Problem: Apache Spark JDBC Datasource query Option Doesn’t Work For Oracle Database

Problem

When you use the query option with the Apache Spark JDBC datasource to connect to Oracle Database, it fails with this error:

java.sql.SQLSyntaxErrorException: ORA-00911: invalid character

For example, if you run the following to make a JDBC connection:

val df = spark.read
  .format("jdbc")
  .option("url", "<url>")
  .option("query", "SELECT * FROM oracle_test_table)")
  .option("user", "<user>")
  .option("password", "<password>")
  .option("driver", "oracle.jdbc.driver.OracleDriver")
  .load()
df.show()

You will see this error Message:

java.sql.SQLSyntaxErrorException: ORA-00911: invalid character
at oracle.jdbc.driver.T4CTTIoer.processError(T4CTTIoer.java:447)
      at oracle.jdbc.driver.T4CTTIoer.processError(T4CTTIoer.java:396)
      at oracle.jdbc.driver.T4C8Oall.processError(T4C8Oall.java:951)
      at oracle.jdbc.driver.T4CTTIfun.receive(T4CTTIfun.java:513)

Version

Apache Spark 2.4.3 and below; Databricks Runtime 5.3 and below.

Cause

The error is due to a Spark-generated subquery alias (generated with the query option) that does not conform to Oracle Database identifier naming conventions.

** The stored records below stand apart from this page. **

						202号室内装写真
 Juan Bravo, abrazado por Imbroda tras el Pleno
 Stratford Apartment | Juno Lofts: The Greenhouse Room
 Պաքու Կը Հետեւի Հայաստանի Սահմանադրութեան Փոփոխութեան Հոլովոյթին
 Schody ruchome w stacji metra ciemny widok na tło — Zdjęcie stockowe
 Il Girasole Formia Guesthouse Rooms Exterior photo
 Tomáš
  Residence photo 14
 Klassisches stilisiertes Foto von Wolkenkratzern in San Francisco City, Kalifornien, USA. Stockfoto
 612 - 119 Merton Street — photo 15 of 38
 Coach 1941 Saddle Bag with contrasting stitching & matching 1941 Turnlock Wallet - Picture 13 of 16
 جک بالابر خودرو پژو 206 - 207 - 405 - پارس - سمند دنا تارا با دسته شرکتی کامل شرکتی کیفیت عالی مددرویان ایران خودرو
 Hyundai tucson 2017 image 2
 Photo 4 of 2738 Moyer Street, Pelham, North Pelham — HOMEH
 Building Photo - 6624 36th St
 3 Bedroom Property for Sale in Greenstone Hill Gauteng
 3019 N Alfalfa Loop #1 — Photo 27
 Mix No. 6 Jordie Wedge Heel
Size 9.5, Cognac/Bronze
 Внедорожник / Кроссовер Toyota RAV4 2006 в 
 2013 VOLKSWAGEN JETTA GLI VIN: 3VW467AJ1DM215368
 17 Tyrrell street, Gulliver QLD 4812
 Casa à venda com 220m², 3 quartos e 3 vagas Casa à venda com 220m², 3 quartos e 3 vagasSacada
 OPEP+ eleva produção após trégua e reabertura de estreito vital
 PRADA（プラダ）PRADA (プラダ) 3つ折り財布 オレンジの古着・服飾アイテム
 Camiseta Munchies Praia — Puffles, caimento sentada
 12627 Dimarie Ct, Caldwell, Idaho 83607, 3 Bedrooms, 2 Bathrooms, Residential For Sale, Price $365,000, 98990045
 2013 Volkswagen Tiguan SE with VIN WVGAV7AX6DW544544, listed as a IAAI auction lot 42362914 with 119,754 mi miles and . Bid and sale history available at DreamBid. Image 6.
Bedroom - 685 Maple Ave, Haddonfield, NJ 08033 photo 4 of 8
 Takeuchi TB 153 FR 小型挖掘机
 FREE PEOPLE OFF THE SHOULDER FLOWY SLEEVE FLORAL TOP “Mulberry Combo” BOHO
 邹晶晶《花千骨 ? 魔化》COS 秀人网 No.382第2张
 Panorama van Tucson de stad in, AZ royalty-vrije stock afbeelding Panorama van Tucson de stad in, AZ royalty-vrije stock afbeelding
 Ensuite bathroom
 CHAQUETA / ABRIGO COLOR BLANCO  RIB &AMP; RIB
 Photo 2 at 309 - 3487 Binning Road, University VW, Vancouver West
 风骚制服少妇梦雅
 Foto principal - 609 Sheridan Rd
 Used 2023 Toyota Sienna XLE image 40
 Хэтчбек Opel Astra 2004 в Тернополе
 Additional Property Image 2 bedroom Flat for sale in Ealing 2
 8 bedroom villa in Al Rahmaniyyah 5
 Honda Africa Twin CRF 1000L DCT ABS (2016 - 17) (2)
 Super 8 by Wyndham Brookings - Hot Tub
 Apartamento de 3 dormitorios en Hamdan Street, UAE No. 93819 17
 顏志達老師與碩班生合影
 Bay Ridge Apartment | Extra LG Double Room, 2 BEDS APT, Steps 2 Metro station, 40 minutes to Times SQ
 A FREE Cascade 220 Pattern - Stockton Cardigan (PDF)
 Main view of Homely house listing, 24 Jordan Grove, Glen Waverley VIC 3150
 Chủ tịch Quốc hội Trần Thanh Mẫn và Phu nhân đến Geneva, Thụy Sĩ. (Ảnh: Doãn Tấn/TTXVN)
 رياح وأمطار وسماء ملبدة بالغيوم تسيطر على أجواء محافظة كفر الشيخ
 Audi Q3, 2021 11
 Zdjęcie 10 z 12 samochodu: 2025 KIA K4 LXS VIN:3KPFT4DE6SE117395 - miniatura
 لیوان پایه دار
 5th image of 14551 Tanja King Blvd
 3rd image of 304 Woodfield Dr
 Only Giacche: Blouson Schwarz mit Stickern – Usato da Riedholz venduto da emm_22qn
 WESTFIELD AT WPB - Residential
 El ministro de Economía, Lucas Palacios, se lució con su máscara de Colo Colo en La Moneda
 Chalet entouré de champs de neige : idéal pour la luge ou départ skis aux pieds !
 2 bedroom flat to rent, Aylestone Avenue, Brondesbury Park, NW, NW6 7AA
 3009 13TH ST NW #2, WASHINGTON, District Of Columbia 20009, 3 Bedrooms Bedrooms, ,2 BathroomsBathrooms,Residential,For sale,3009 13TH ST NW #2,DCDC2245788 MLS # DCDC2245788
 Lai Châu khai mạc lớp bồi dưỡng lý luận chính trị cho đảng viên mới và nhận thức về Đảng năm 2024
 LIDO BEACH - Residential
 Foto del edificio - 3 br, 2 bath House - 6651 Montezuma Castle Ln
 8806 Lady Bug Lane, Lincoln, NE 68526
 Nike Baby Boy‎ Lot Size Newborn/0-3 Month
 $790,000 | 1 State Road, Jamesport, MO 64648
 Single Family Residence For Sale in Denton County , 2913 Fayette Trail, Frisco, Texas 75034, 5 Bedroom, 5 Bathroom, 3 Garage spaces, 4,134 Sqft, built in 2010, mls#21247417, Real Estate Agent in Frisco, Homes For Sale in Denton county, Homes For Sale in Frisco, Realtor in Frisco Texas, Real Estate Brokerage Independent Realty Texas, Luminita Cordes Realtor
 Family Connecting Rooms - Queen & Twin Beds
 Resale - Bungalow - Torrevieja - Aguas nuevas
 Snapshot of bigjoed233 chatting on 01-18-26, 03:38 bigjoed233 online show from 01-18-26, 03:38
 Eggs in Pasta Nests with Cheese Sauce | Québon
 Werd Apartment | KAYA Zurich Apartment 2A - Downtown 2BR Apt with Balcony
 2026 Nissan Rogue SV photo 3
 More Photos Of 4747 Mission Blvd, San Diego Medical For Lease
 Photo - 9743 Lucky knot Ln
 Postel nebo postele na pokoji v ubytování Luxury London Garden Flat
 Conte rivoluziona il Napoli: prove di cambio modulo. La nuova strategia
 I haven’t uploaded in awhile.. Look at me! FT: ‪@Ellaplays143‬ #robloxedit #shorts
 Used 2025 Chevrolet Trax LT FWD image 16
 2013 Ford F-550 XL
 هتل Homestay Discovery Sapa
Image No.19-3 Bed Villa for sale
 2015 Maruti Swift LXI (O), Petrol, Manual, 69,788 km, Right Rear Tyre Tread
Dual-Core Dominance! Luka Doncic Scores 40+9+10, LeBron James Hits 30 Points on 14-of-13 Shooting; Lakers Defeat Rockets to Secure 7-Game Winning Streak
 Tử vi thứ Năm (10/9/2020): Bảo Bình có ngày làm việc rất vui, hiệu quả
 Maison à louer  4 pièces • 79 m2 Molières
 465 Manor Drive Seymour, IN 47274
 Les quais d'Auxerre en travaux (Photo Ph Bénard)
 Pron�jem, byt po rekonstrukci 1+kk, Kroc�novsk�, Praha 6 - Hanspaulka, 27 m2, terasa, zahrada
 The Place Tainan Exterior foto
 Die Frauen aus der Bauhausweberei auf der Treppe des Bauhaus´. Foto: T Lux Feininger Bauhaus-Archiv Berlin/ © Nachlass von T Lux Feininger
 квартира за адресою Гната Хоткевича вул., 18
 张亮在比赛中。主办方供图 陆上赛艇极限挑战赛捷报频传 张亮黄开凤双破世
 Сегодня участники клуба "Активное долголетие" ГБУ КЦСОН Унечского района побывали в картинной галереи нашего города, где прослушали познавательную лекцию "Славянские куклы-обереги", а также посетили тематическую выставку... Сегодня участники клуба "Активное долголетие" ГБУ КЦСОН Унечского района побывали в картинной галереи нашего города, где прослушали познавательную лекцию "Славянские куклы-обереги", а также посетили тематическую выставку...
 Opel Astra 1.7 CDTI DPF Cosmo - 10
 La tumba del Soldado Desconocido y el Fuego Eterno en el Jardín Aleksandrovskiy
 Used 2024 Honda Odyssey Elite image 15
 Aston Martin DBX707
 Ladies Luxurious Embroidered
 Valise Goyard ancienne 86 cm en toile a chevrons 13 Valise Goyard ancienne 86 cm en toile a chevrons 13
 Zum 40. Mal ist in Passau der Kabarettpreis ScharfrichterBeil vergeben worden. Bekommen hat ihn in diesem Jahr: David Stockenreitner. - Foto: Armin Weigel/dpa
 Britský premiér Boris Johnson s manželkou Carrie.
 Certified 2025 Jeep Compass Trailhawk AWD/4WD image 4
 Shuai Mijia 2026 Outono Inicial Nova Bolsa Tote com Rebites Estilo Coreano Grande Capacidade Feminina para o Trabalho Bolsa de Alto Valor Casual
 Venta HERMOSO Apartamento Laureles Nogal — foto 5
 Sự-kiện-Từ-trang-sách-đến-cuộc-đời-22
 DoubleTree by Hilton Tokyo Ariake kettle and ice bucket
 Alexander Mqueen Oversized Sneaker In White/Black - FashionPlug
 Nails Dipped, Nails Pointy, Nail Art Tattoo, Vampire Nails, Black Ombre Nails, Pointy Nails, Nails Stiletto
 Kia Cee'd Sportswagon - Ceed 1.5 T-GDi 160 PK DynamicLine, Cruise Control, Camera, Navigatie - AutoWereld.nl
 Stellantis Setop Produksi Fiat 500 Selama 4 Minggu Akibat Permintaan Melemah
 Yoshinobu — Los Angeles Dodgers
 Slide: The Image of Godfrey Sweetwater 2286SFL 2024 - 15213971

This bug is tracked in Spark Jira ticket SPARK-27596 .

Solution

This issue is fixed in Apache Spark 2.4.4 and Databricks Runtime 5.4.

For clusters running on earlier versions of Spark or Databricks Runtime, use the dbtable option instead of the query option. The query must be enclosed in parentheses as a subquery.

val df = spark.read
  .format("jdbc")
  .option("url", "<url>")
  .option("dbtable", "(SELECT * FROM oracle_test_table)")
  .option("user", "<user>")
  .option("password", "<password>")
  .option("driver", "oracle.jdbc.driver.OracleDriver")
  .load()
df.show()

You can try the same workaround for other databases when the query option fails.